Read the full story: Entertaining with Natasha Lawler
*photography by Andrea Hubbell
for the brine:
- 4 quarts water
- 2 cups kosher salt
- 1 cup brown sugar
- 2 teaspoons coriander seed
- 2 teaspoons mustard seed
- 2 teaspoons black peppercorns
- 2 cinnamon sticks, smashed
- 8 bay leaves
- 3/4 teaspoon cloves
- 1 1/2 teaspoon allspice berries
- 1 1/4 teaspoon juniper berries
- 1 teaspoon ground ginger
- 3 teaspoons pink curing salt
- 10 lbs beef brisket
- 3 cans of Guinness
- 2 onions, halved
- 2 carrots, halved
- 4 celery stalks
- grainy dijon mustard
- Add all of the brine ingredients except the meat into a large pot on the stove and heat on high until all of the salt and sugar has dissolved. Place in the refrigerator overnight or until cold.

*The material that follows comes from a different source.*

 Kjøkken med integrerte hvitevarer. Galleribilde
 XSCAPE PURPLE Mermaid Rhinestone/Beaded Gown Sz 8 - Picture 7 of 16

- Add the meat and put a plate or two on top of it so it stays submerged. Turn the meat over daily and stir brine for 2-3 weeks. (Time can be shortened to 10 days if you inject brine into meat with meat injector.)
- After the meat has brined, take out and rinse in cold water.

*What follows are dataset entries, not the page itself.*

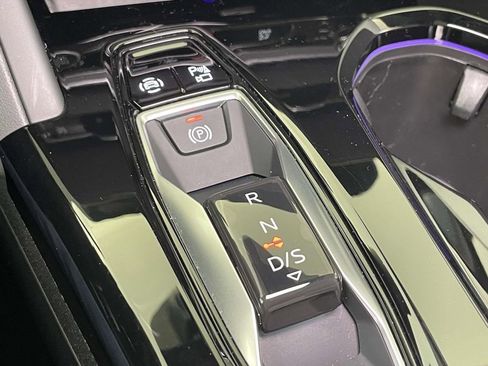 Certified 2025 Audi Q5 2.0T Premium w/ Convenience Package image 33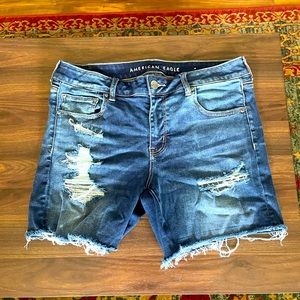 American Eagle Distressed Women’s Shorts- Size 14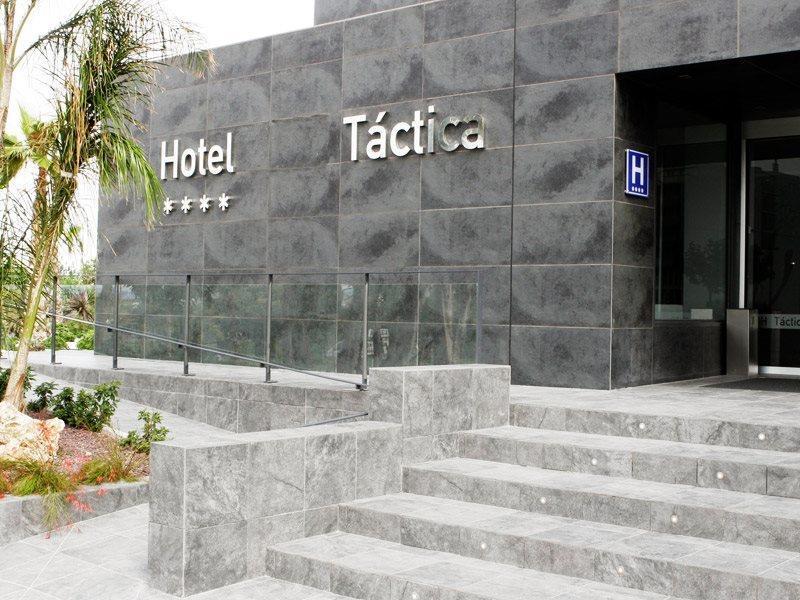 AZZ Valencia Táctica Hotel Paterna Exterior foto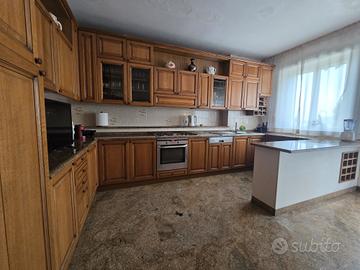 Cucina in legno completa di elettrodomestici 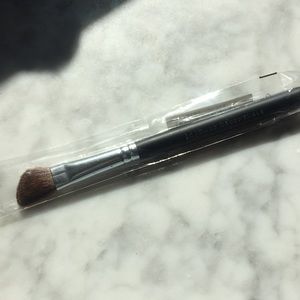 Bare Escentuals eye defining brush - single
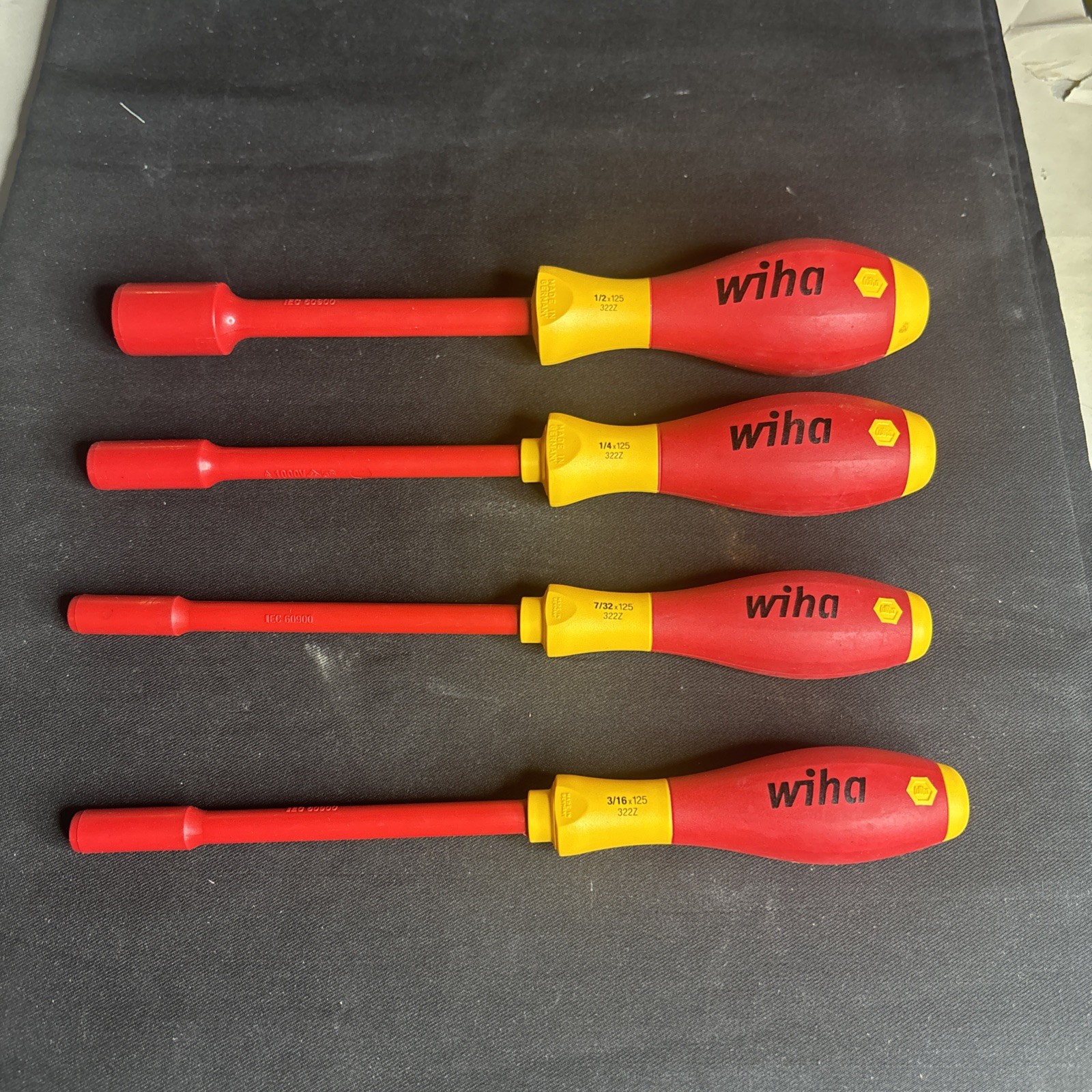 Wiha 4pc Insulated Screwdriver Set Random Drivers See Photos and Description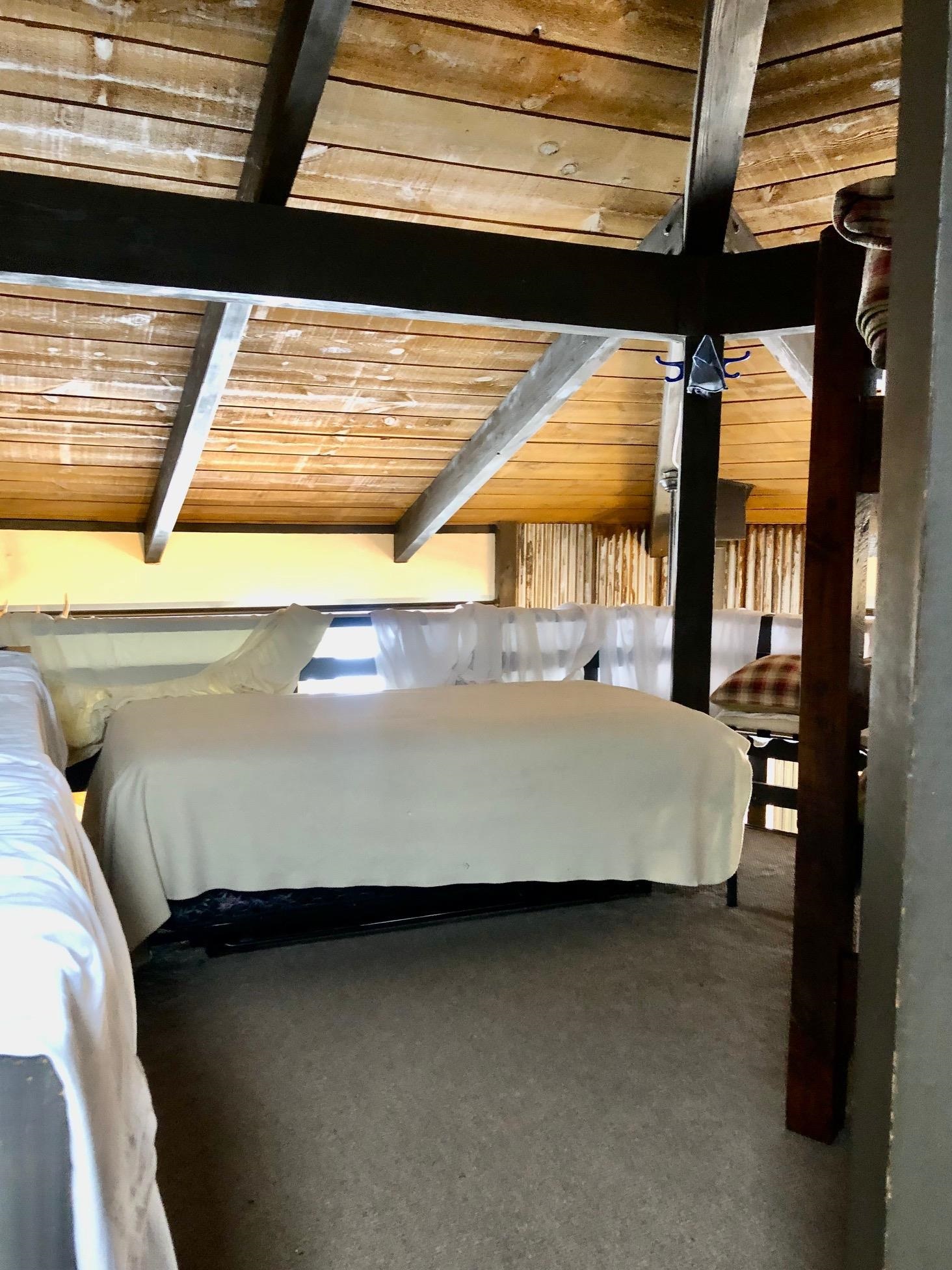 286 Old Mammoth Road Unit: 7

- Place brisket in large lidded pot and add Guinness and enough water to cover the meat.
- Add the vegetables and place pot in a 225 degree F oven for 7-10 hours. Cook the brisket until it’s extremely tender, soft and stringy. In this case, it is much better over-cooked than under-cooked!
- Serve with dijon mustard and horseradish on the side for guests to choose.